Data for the task:

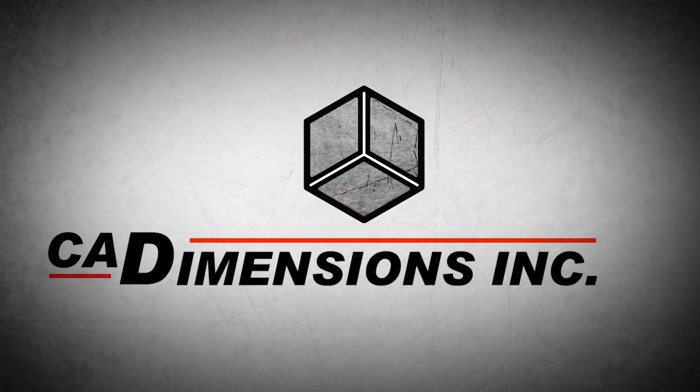Thank you so much for joining us for this month's CAD Dimensions 3D Printing Podcast. If you enjoyed this, share it with friends and family. Make sure to like this video and subscribe to our channel — subscribing is free, and you'll get notifications whenever we publish a new video so you don't miss the next podcast. Thanks for watching, stay safe everybody!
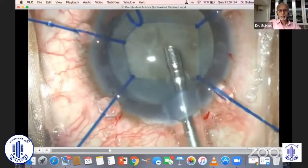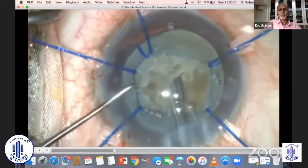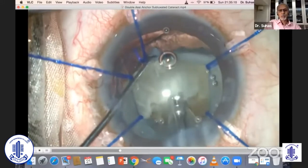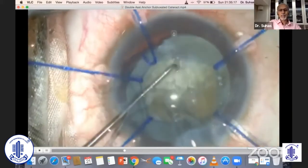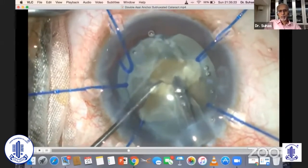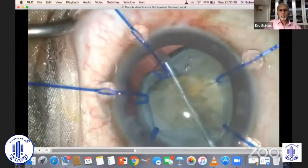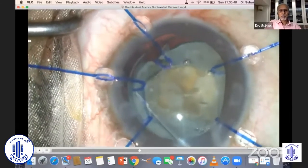The next obstacle is that the nucleus is extremely hard. You have to separate your endonucleus from the epinucleus wherever possible, and try to get the nuclear fragments out of the bag to engage and emulsify them. You also have to keep injecting viscoelastic into the bag to protect the posterior capsule — inflate the bag — and this process you may have to do more than once.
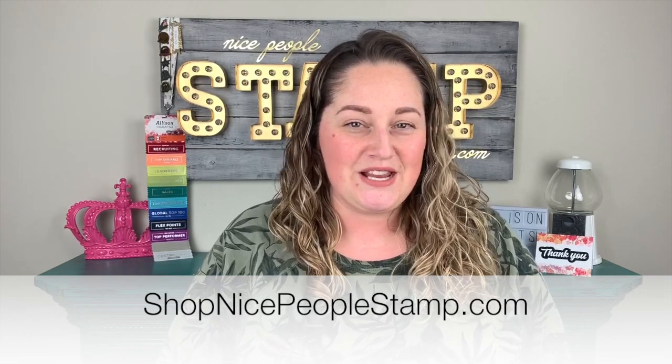Thank you so much for joining me. I hope you enjoyed today's card and the technique in the video. If you love the video, make sure to give it a big thumbs up and leave me a comment down below. Make sure you're a subscriber and click the little bell so you never miss a crafty video — you'll get a little reminder when I have a new video for you. All of the supplies I've used to create today's project can be purchased in my online store at shopnicepeoplestamp.com. I'm so thankful when you are supportive of my business and do purchase from me because it means I can bring you more crafty video tutorials and blog posts.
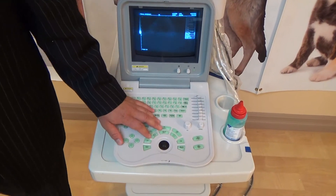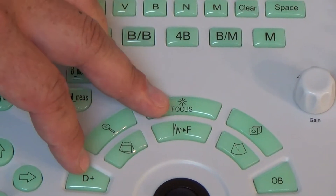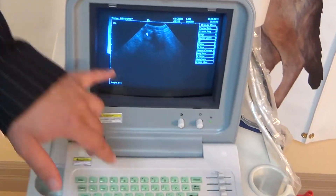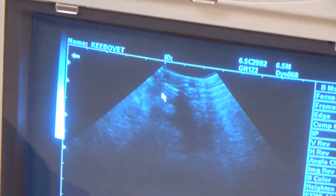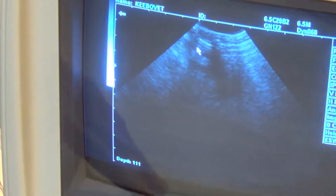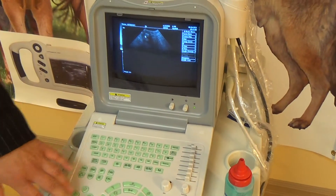We'll start off right in the center with the focus button. What the focus button does is increase or decrease the number of focus points on our screen. You can start off with one, two, three, or four — that varies depending on the type of probe you're using. Once you have several, you can't really move them, but if you only have one focus point, using the arrows off to the side of the screen, you can adjust the height of the focus itself.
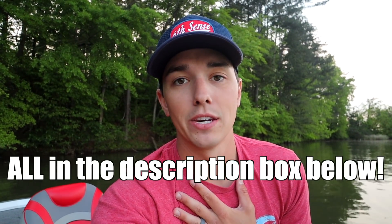It honestly makes me feel good when you guys send me a message and say 'hey man, I learned how to do this because of you' — or 'I bought a Six Sense bait and caught my first fish ever on it.' I can't express how cool that is. I feel like I know you guys and you feel like you know me — it's a weird disconnect but it's really cool. It means a lot to me, so I appreciate all the support.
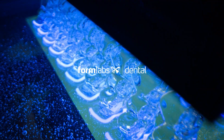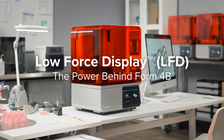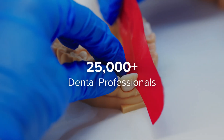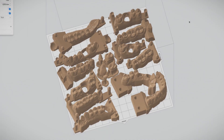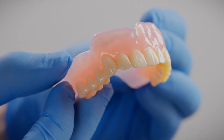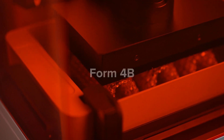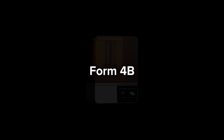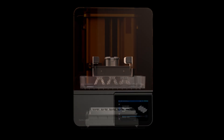Introducing our low force display print engine, the power behind Form 4B. Since 2011, over 25,000 dental professionals have relied on Formlabs SLA 3D printers to produce over 15 million dental parts. Now we're pushing the boundaries of industry standards even further with Form 4B, for a perfect balance of speed and accuracy that's unmatched by any other technology on the market today.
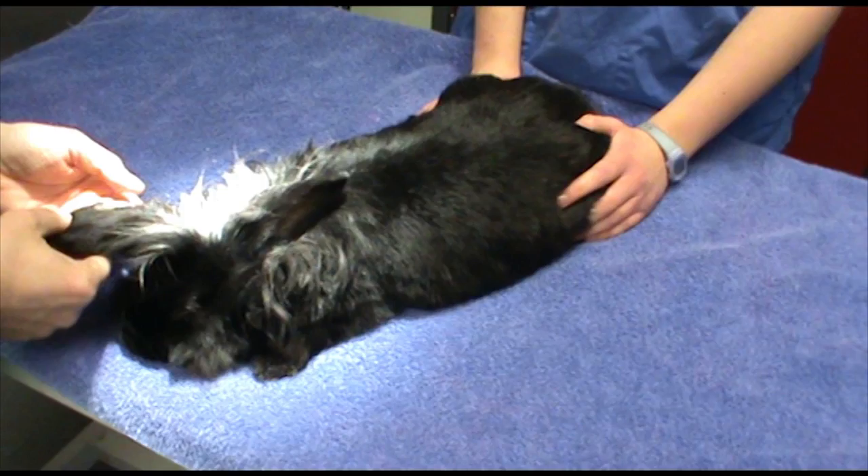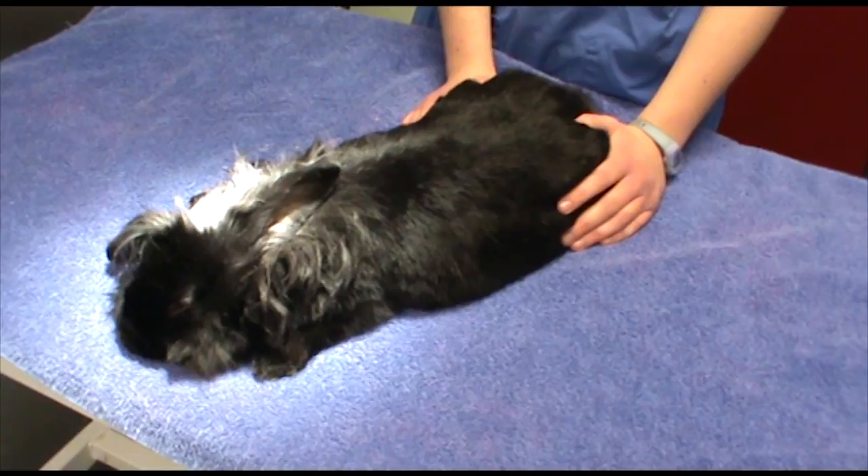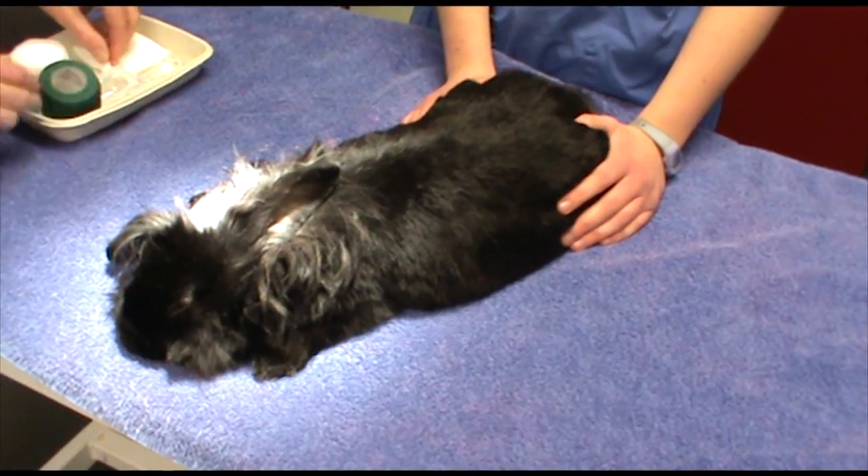This rabbit has been premedicated in preparation to be anaesthetised for routine neutering or spaying. We've clipped prior to applying the premed and applied local anaesthetic, so we're ready to go.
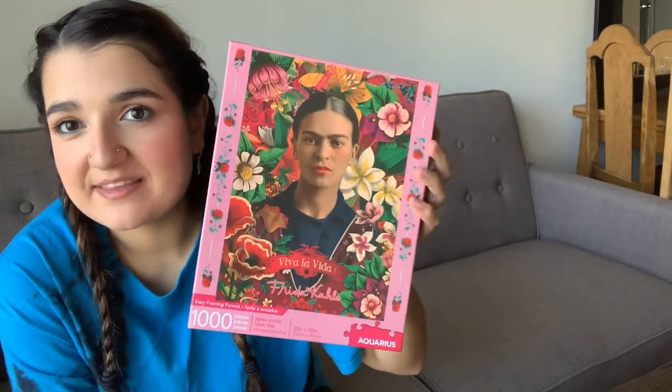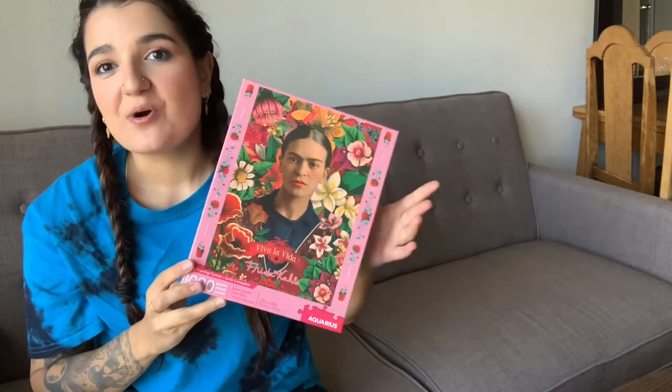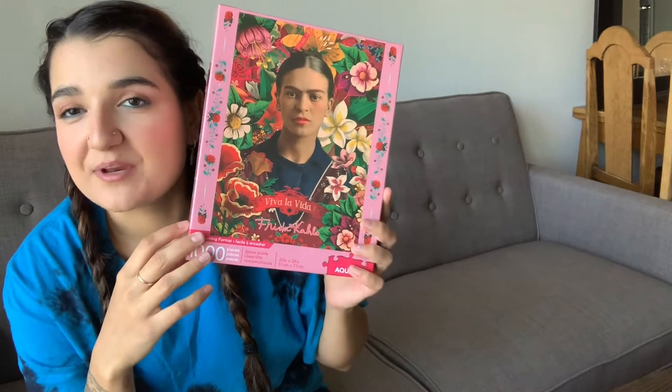I am super excited to work on this and I think it's going to look really good on my wall. I already have a little bit of room on the top where I can put her. So let's not waste any more time and let's start working on this puzzle. I'm going to time lapse the video and I'll see you when I'm done.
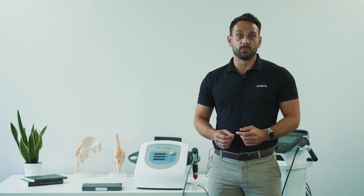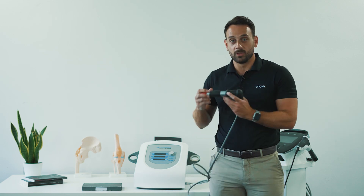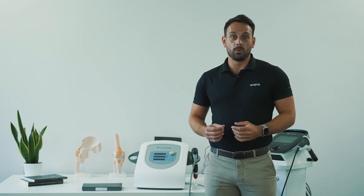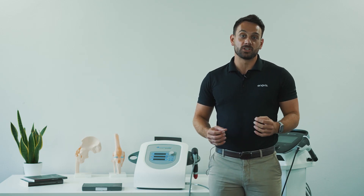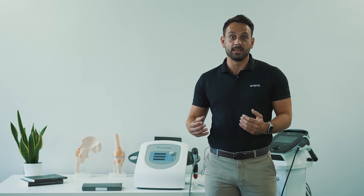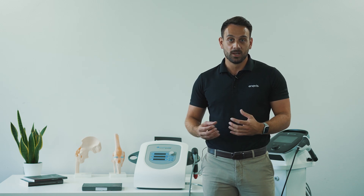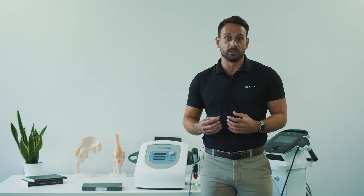Today we're going to be looking at how to perform a revision of the D-ACTA handpiece. The D-ACTA is found on the Mobile 2 RPW and original Intellect RPW devices. When your device hits 1 million pulses, we need to perform a revision of the handpiece. The reason for this is that we can guarantee that your first and millionth pulses will deliver the same amount of energy flux density into the tissue.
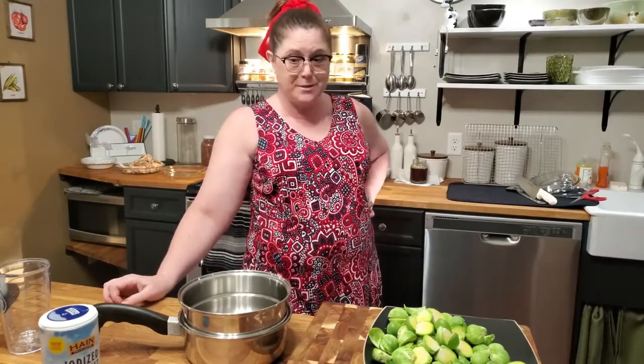Hey y'all, it's Tammy with Collar Valley Cooks and today I'm making some chicken and dumplings for the girls, and I am going to steam some Brussels sprouts as well.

Work instruction: Your task is to set down exactly the lines that run from the line holding "Today we're going" through the close of the entries, including both ends. Pictures stay out.

Written solution:
Today we're going to be looking at how to perform a revision of the D-ACTA handpiece. The D-ACTA is found on the Mobile 2 RPW and original Intellect RPW devices. When your device hits 1 million pulses, we need to perform a revision of the handpiece. The reason for this is that we can guarantee that your first and millionth pulses will deliver the same amount of energy flux density into the tissue.
Hey y'all, it's Tammy with Collar Valley Cooks and today I'm making some chicken and dumplings for the girls, and I am going to steam some Brussels sprouts as well.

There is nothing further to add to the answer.